Adam Matthews, Chair of The Global Commission on Mining 2030, commented on the environmental and social challenges facing the mining industry in years to come. 

Led by investors and advised by UNEP, the Commission aims to identify gaps in global best practice standards and disclosures, addressing social and environmental risks such as waste management, child labour and biodiversity loss. 

For example, a major component of the transition is effective energy storage. Batteries for cars and storage plants have the potential to reduce carbon emissions in the power and transportation sectors by 30%. However, the anticipated increase in demand for the required minerals is vast: by 2050, the production of graphite, lithium and cobalt will need to expand by 450–500%, according to the World Bank.

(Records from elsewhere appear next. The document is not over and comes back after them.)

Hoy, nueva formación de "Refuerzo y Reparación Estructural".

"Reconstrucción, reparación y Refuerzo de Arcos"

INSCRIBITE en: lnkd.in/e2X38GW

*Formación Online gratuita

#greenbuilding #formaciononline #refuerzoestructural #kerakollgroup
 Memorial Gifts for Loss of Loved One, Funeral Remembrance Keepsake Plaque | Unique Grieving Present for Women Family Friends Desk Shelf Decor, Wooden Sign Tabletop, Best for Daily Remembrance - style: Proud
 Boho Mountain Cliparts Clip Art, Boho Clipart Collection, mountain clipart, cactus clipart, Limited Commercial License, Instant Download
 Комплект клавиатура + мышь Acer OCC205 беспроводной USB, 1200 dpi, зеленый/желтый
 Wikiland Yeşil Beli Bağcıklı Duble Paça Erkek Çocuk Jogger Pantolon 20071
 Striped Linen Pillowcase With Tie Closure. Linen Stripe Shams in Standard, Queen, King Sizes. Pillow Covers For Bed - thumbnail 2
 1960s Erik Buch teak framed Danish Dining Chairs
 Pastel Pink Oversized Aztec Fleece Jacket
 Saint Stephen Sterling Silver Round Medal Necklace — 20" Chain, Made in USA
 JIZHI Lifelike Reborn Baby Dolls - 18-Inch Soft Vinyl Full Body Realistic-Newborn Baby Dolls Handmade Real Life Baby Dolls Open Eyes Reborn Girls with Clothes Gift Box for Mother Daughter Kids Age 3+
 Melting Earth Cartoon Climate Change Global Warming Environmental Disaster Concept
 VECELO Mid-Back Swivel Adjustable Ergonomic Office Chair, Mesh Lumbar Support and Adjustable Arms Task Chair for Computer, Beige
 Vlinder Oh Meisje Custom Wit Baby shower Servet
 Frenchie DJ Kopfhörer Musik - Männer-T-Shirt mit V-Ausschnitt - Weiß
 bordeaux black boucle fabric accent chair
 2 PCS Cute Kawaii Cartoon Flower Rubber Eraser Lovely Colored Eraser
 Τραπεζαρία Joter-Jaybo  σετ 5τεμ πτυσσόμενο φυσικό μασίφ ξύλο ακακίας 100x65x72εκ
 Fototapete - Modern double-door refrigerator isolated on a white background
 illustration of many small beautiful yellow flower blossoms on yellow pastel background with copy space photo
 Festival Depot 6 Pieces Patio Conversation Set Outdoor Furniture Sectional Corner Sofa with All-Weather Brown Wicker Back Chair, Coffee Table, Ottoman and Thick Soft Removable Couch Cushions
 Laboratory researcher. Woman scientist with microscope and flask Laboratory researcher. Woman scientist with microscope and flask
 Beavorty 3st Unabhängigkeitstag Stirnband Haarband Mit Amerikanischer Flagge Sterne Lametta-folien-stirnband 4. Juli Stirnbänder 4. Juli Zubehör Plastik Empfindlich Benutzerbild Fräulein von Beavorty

As mining’s role in the transition grows further, it is crucial that companies align with best practices laid out in global standards and maintain a social licence, or risk losing the confidence of investors and the wider finance community.

Aquaculture’s appetite for investor-led reforms

According to a new report released last week by Planet Tracker, investment is critical to meet surging consumer demand for seafood, with analysis revealing that even in the most optimistic scenario there will be a 50 million tonne supply gap by 2050

At least $55 billion is needed in capital expenditure to finance the transition toward sustainable aquaculture practices, says the report. 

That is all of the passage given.